Regardless of when or why Carrington changed his tie-in, the fact remains that he would have gotten away with this quick-and-dirty carabiner attachment method—a method that many climbers employ, with care, in special situations without fearing for their lives—had he fastened the buckle of his harness correctly. By themselves, neither the improperly fastened buckle nor the unorthodox tie-in would have killed him, but the two errors in conjunction sealed Carrington’s fate.
Bridwell had worked as a professional mountain guide for the better part of two decades without incident; a wealth of evidence suggested that he was an able teacher and a conscientious, even conservative guide. Nevertheless, his supporters worried that the Admiral might find himself facing an image problem, thanks to an article in the May 8, 1986, issue of Rolling Stone, which presented him as something of a dissolute thrill junkie. At one point in the article, Bridwell enthusiastically spoke of an experience he’d had with a UFO. At another, climber John Long—a well-known Bridwell protégé—described his mentor as “an occasional abuser of everything, including himself.” Such an image, they feared, would not serve their friend well when it came time for him to stand before a jury of Rotarians and housewives.
Once word of the Carrington lawsuits spread, conventional wisdom in the American climbing community held that Bridwell would probably wind up taking most of the rap for the accident, with some of it spilling over to the Exum school simply for being Bridwell’s employer. When I phoned Larry Boyd, Rosa Carrington’s attorney, in March of this year, I was thus surprised to hear him say that he didn’t think Bridwell and Exum were primarily to blame. “The real culprit,” he declared, “is the company that designed such an unreasonably dangerous climbing harness.”
Whatever the legal merits of Boyd’s case against Chouinard, cynics were quick to point out that Chouinard’s were the only “deep pockets” around. Bridwell was virtually penniless, and the assets of the Exum school amounted to little more than a few dozen ropes, a typewriter, and a locker full of climbing hardware. Chouinard Equipment, on the other hand, took in $6 million annually in gross receipts and could in theory be linked by a clever attorney to Yvon Chouinard’s clothing company, Patagonia, Inc., a $100 million cash cow. When a potential liability claim exists and even the faint scent of that kind of money is on the breeze, lawyers for the plaintiff are going to sit up and take notice.

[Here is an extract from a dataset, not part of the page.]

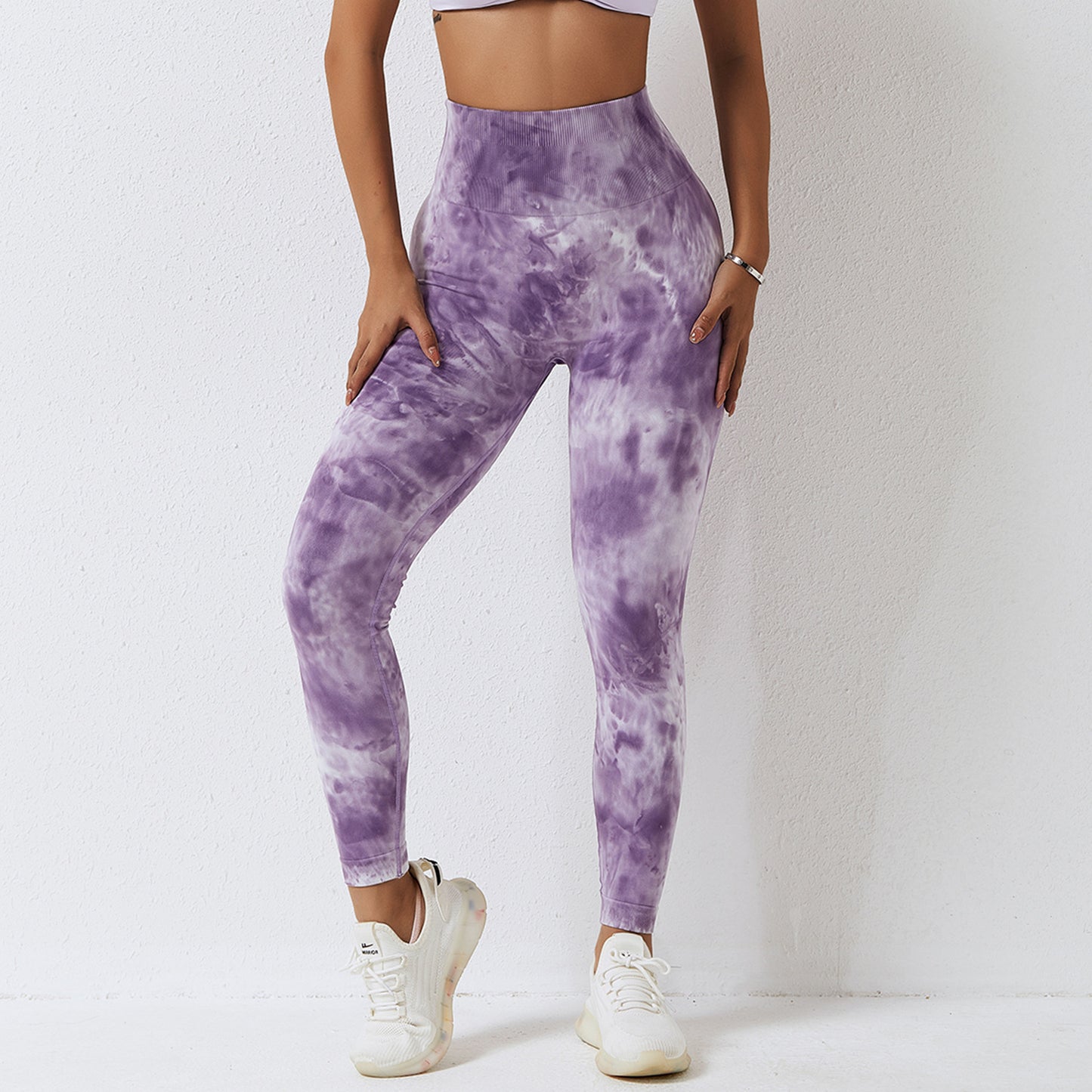 Tie Dye Seamless High Waist Yoga Pants Women's Tight Running Pants Quick Dry Peach Hip Lift Fitness Pants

Yvon Chouinard, a legendary rock and ice climber in his own right, literally built his equipment business piece by piece. In 1957, after three years of climbing using the primitive hardware of the era, he taught himself blacksmithing, figuring he could supply himself and his friends with better pitons and carabiners than those that were commercially available. He sold the pitons out of his car for $1.50 apiece—five times what European pitons cost, but climbers gradually came to appreciate that his were stronger and better designed, and they were soon buying them as fast as Chouinard could make them. In 1966, Chouinard Equipment opened for business in a tin shed, fondly known as the Skunkworks, next to an abandoned slaughterhouse in Ventura. Receipts totaled about $3,000 that year, but sales doubled the next year and for four years after that.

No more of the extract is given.